# Help! Key stuck in ignition.



## R34_GT-t (Oct 29, 2001)

Hi,

I've just fitted my new lockset to my R32 today, and the key's got stuck in the ignition. 

It is an auto, so obviously you have to have it in 'Park' to be able to remove it from the ignition. As I've just fitted it today, I thought I would have a see how the electrics are working for the first time since I got it. Turn's out the key is stuck now! 

Any help is much appreciated. 

Thanks,
-Elliot


----------



## IanH (Nov 23, 2002)

On US autos you have to turn the key forward 1 notch to release it (so turn it all the off then turn 1 click forward/on), hope that helps.


----------



## MattPayne (Apr 11, 2002)

you have pressed the little button on the ignition barrel to let the turn all the way back havent you...


----------



## IanH (Nov 23, 2002)

Same as the Pulsar is it?


----------



## Crail Loser (Jan 11, 2003)

Does it not have a cable which releases the key attached to the gear shift lever.

You can adjust it from the gear lever area, when you push the level all the way forward into park it shoves the cable which releases the key, it can usually be adjusted from the lever area.

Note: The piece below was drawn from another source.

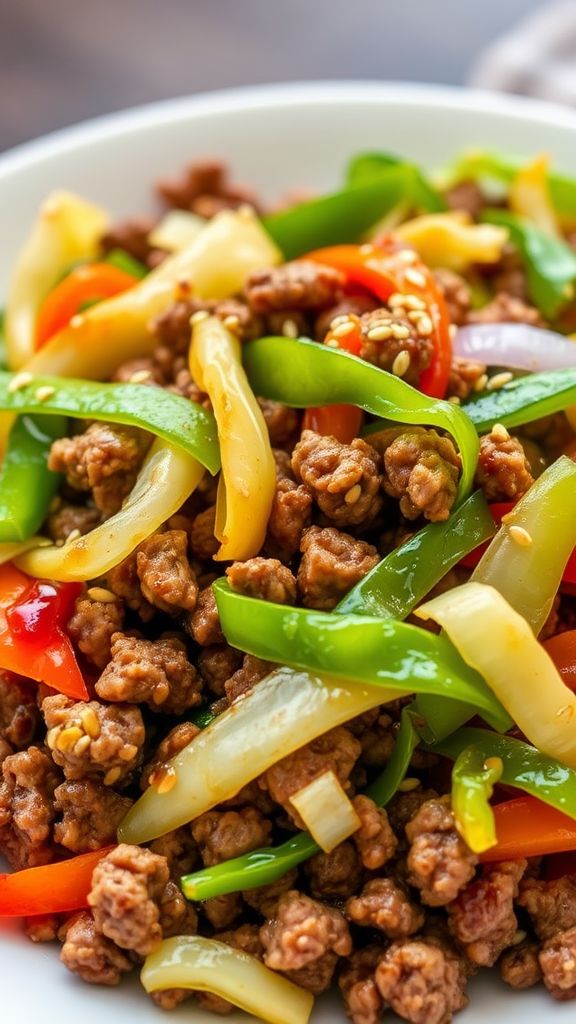 Cabbage Stir-Fry with Ground Beef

Sorry but I have never worked on an auto one but that system is very popular on other Jap cars.


----------



## MattPayne (Apr 11, 2002)

Just been out to have a look at my car...

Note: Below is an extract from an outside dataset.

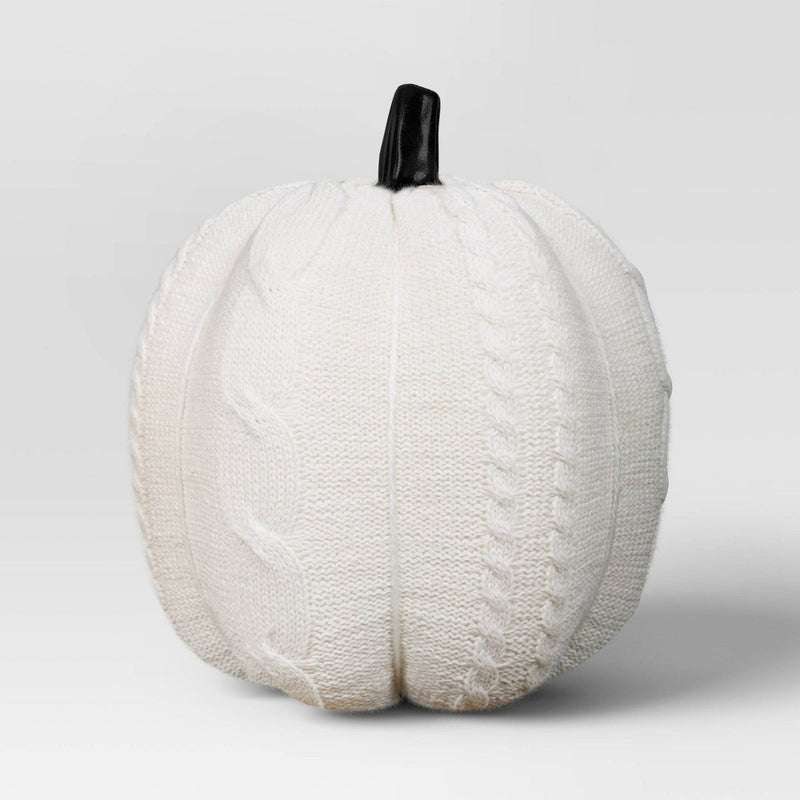 8.75" Halloween Knit Cable Pumpkin White - Hyde & EEK! Boutique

yes key can only be removed in park... the release mechanism is operated by the gearshift button... ie. keys locked in ignition, lever in park, but gearshift button still pressed in... key locked... release button - click - key released...

do you have power in your car?? im thinking its electrically controlled...


----------



## R34_GT-t (Oct 29, 2001)

Hi,

Cheers for the help guys. 

I've just got it fixed. It turns out that there is a little tiny lever next to the 'Press' button which is orange at the end. This moves from side to side (Kind of like the one on the boot), and has stopped it from being removed. I just flicked it back again, and now it's all fine and dandy. 

Thanks for the help guys, couldn't have done it without you. 

Cheers,
-Elliot


----------



## R34_GT-t (Oct 29, 2001)

Hi Matt,

Cheers for that mate.  I don't know how that little orange lever works which I found, but I have my sus****ions (SP?) that it is to do with the gear shift lever as you suggested. 

I'll just keep my eye on it for now. If it does it frequent, I will have to investigate further. 

Cheers,
-Elliot


----------